The Bitcoin mining industry entered a state of emergency on February 10, 2026, as the “hashprice”—the revenue earned per unit of computing power—plummeted to a record low of approximately thirty-five dollars per petahash. This financial strain follows a brutal market rout that has seen Bitcoin’s price drop more than fifty percent from its October 2025 peak of 126,000 dollars to the current 60,000-dollar range. For the first time since the 2022 bear market, the majority of the network is now operating “underwater,” with the average all-in production cost for a single Bitcoin estimated at 87,000 dollars. This forty-five percent gap between the cost of production and the current market value has triggered what analysts at CryptoQuant describe as a “capitulation phase,” characterized by the widespread decommissioning of older mining hardware and a sharp contraction in the network’s total hashrate. Publicly traded giants like MARA Holdings and Riot Platforms have seen their share prices collapse by more than twenty percent this week as investors flee the sector in favor of more stable “analog” assets like gold.

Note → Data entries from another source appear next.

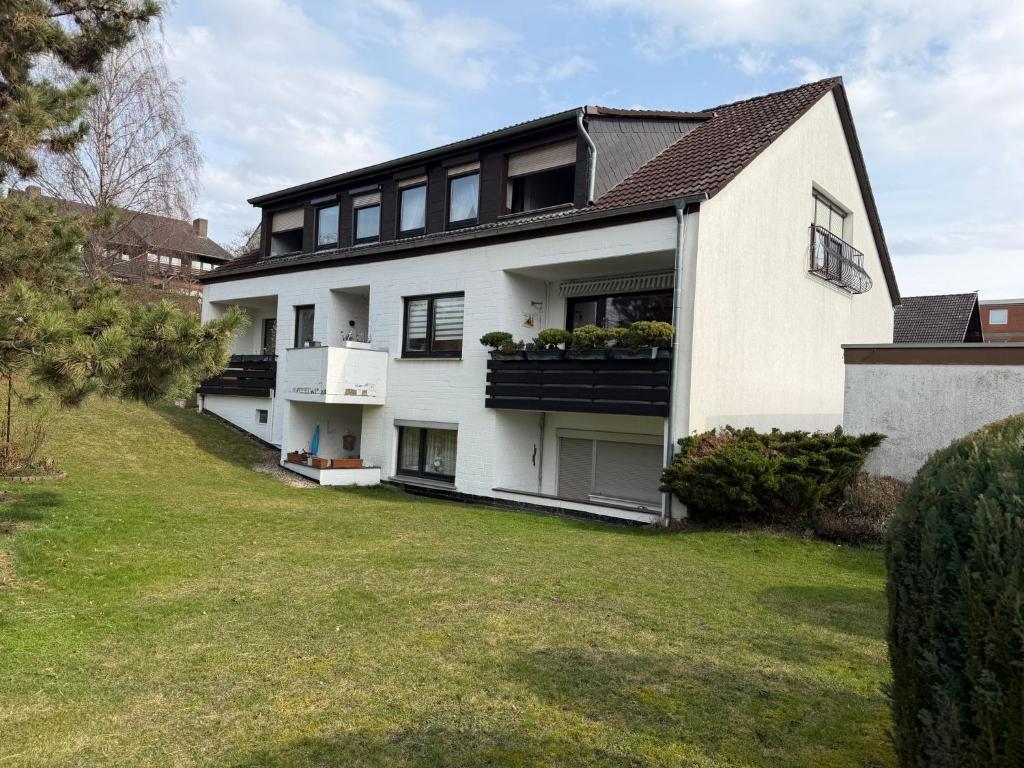 a white house with black windows and a yard at Apartment Alex in Hildesheim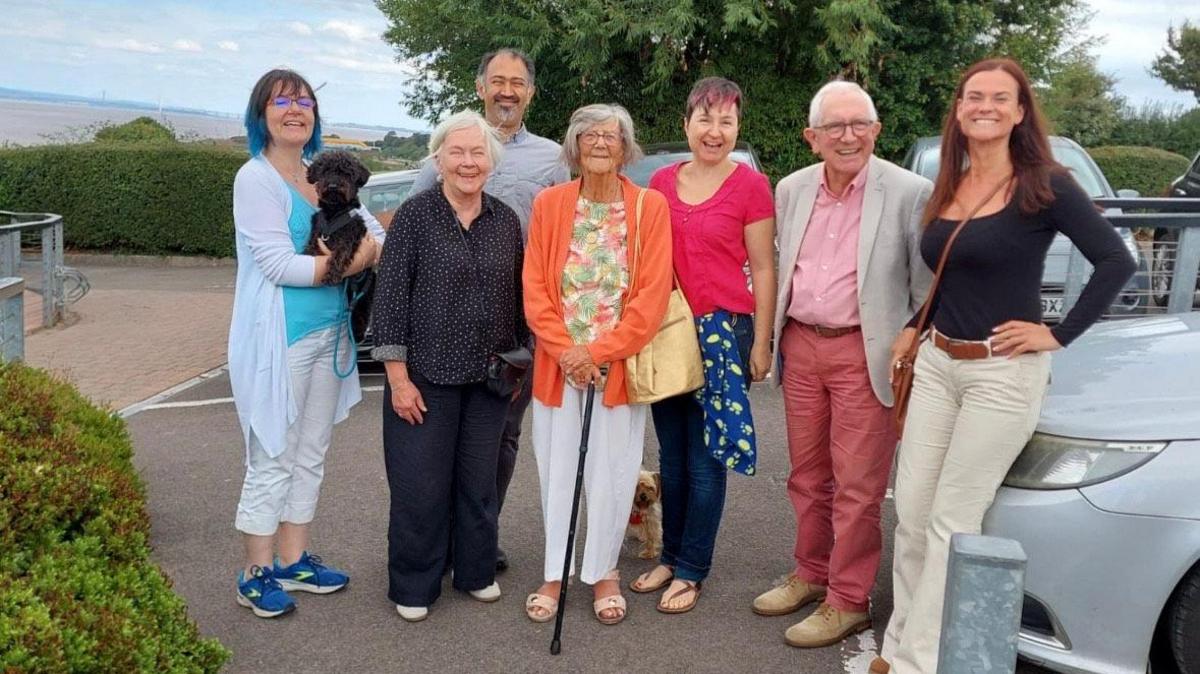 Seven people standing together in a car park. The sea is visible in the background.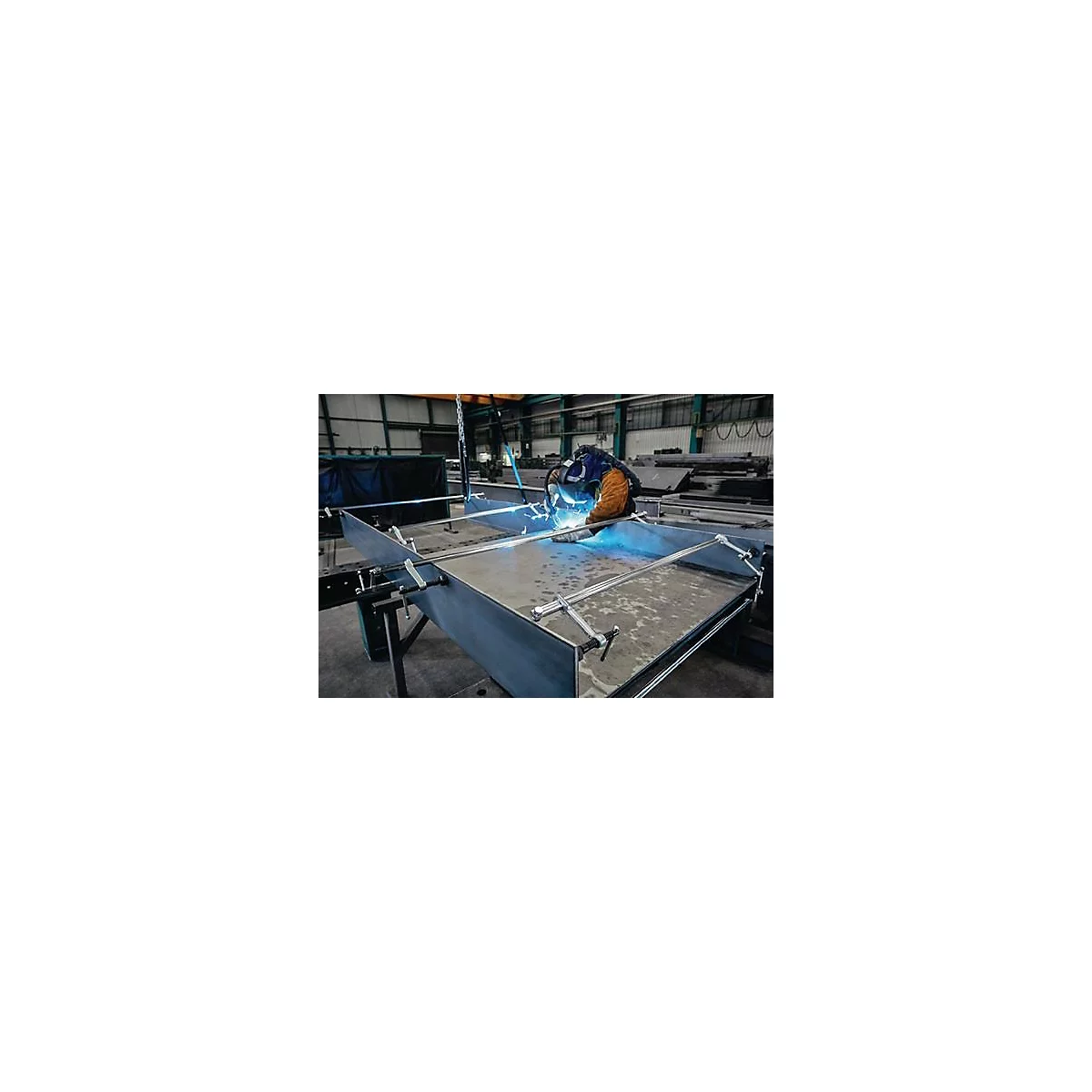 Un ouvrier soude des pièces métalliques dans une usine. Des étincelles bleues et des lunettes de protection sont visibles.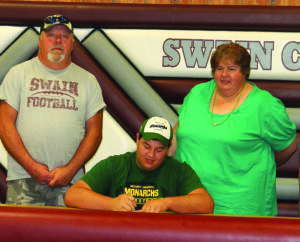 Brent Gunter (seated), whose grandfather, Tim Beck, is an EBCI tribal member, signs a letter of intent on Friday to play college football this fall at Methodist University as his parents Lance and Jilinda Gunter look on.  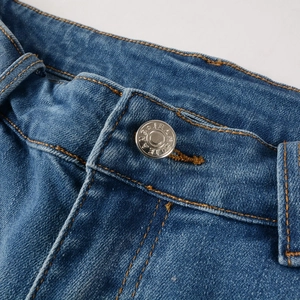 Macro shot of blue denim jeans waist with metal button and orange contrast stitching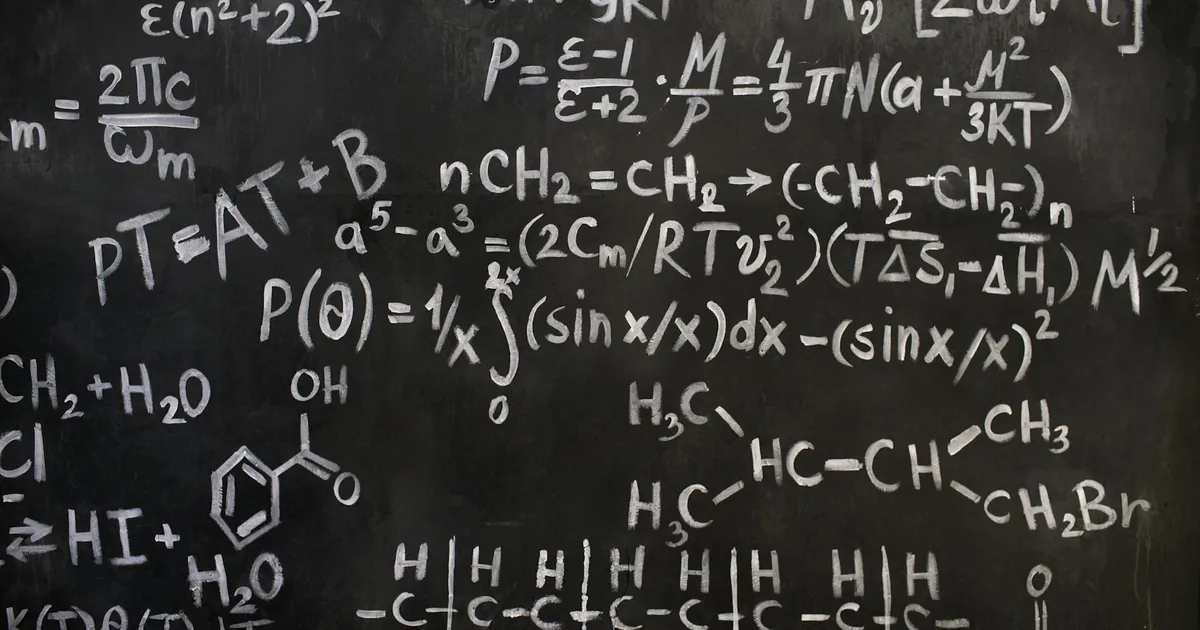 A close-up view of complex mathematical and chemical formulas on a blackboard.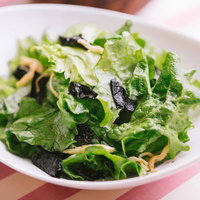 ごま油風味のグリーンサラダ、白い皿に盛り付けた新鮮野菜の写真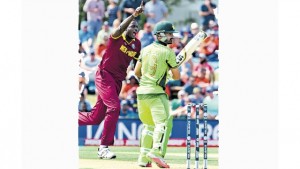 West Indies captain Jason Holder (left) celebrates dismissing Pakistan batsman Ahmed Shehzad during their 2015 Cricket World Cup Group B match in Christchurch on Friday. (PHOTO: AFP)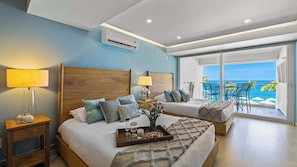 Ein Hotelzimmer mit einem großen Bett, einem Nachttisch, einer Lampe, einem Tablett mit einer Kerze und Blick auf den Strand und das Meer durch eine Schiebetür.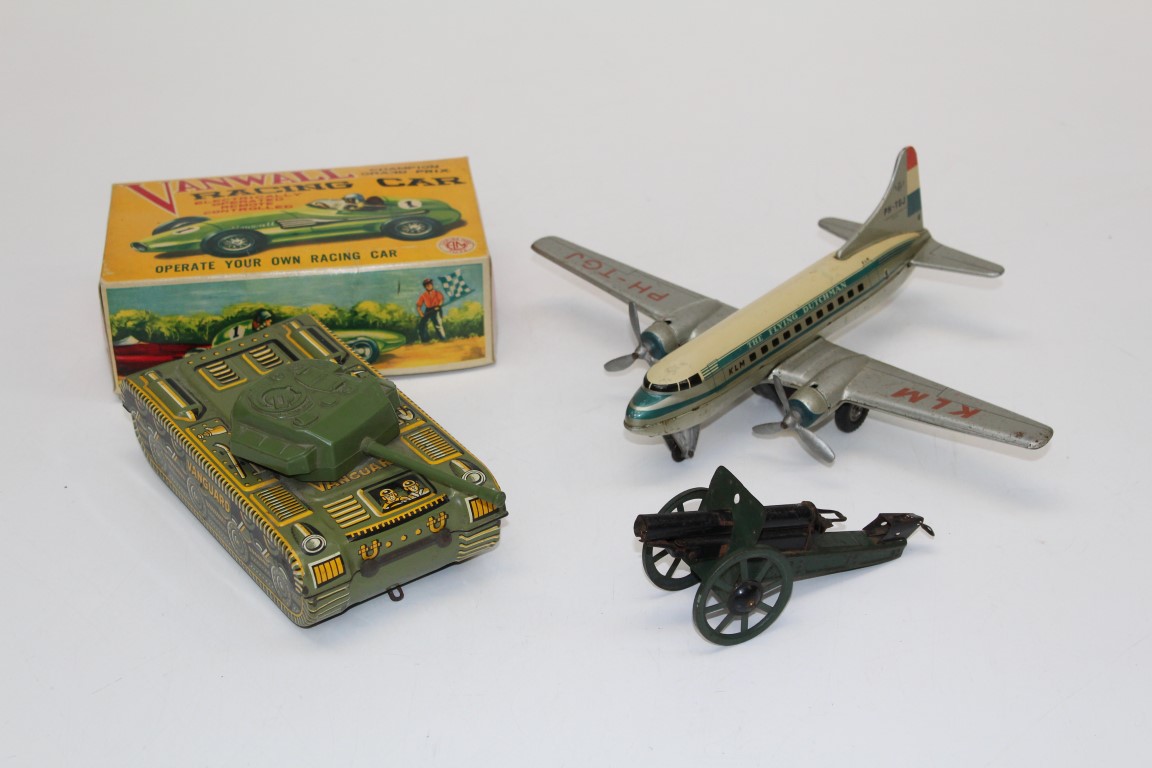 A circa 1950 selection of tin plate toys including Electric remote controlled Vanwall racing car,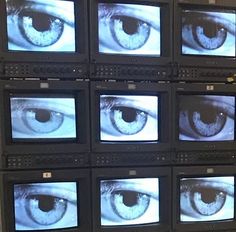 several televisions with different types of eyes on them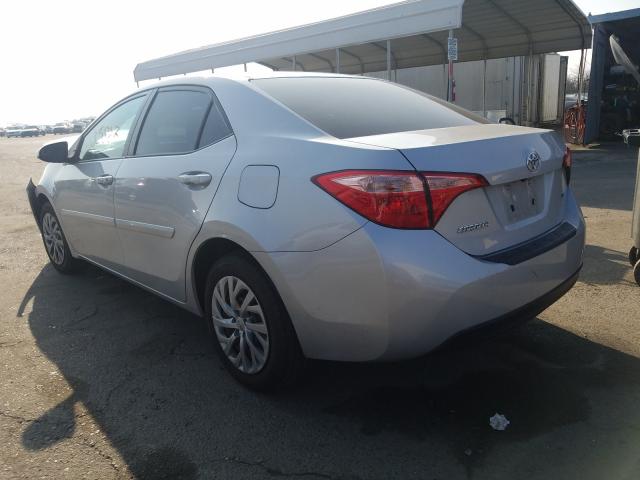 Photo 2 VIN: 2T1BURHE1KC158633 - TOYOTA COROLLA L 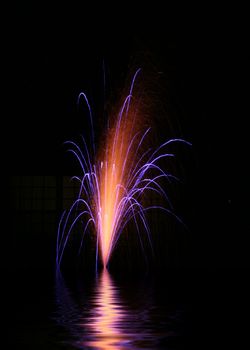 Wonderful spouting fireworks display shooting off from the water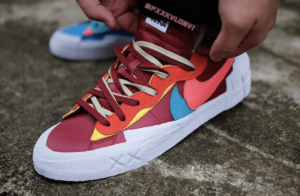 Alternative view of Giày Nike KAWS x sacai x Blazer Low 'Team Red' DM7901-600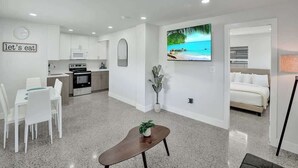 A modern apartment with a kitchen, dining area, and a bedroom. - Walk to Beach 2BR | Bright Pompano Retreat (Pompano Beach)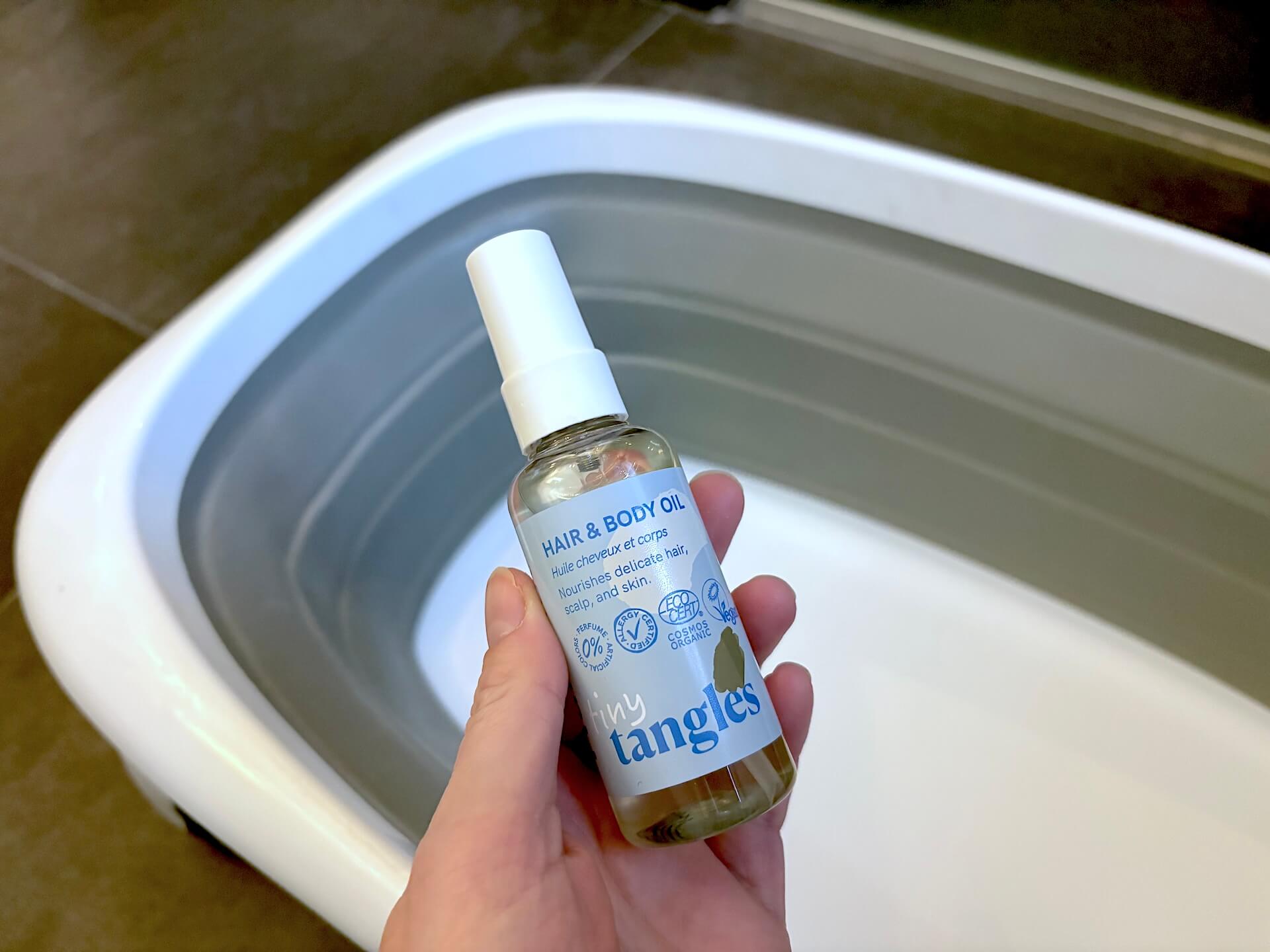 Hairlust Tiny Tangles Hair & Body Oil i hånd over badekar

Environmental Volatility and the Massive 11% Difficulty Retarget
Compounding the economic misery, the North American mining heartland—particularly Texas—has been battered by a series of severe winter storms that forced industrial-scale operators to curtail their energy consumption to protect the residential grid. These mandatory power shutdowns, combined with the permanent exit of unprofitable miners, resulted in a historic eleven percent downward difficulty adjustment on February 9. While a drop in difficulty typically serves as a “safety valve” to restore profitability for those who remain online, the sheer scale of the current price decline has neutralized most of these gains. The industry’s “Miner Profit and Loss Sustainability Index” has sunk to twenty-one, a level that reflects the total exhaustion of profit margins for all but the most efficient, low-cost operators. For many firms running outdated rigs or paying more than five cents per kilowatt-hour for electricity, the recent “difficulty lifeline” is simply too little, too late to prevent a full-scale operational halt.
The Great Pivot Toward Artificial Intelligence and High Performance Computing
In a strategic shift to survive the “mining winter” of 2026, many of the largest players are aggressively repurposing their data center infrastructure to support the booming Artificial Intelligence (AI) and High-Performance Computing (HPC) markets. Firms like IREN and Core Scientific have already begun converting portions of their power capacity to host generative AI workloads, which offer much steadier, long-term revenue contracts compared to the volatile daily block rewards of the Bitcoin network. This trend has accelerated significantly in early February, with Bitfarms recently announcing a complete exit from Bitcoin mining to focus exclusively on its new AI-centric identity. By diversifying away from pure-play mining, these companies are attempting to decouple their stock performance from the “Trump Trade” reversal that has dominated the digital asset landscape. As the industry consolidates, the survivors are likely to be those who view their massive energy footprints as multi-purpose computational hubs rather than just tools for securing a single blockchain.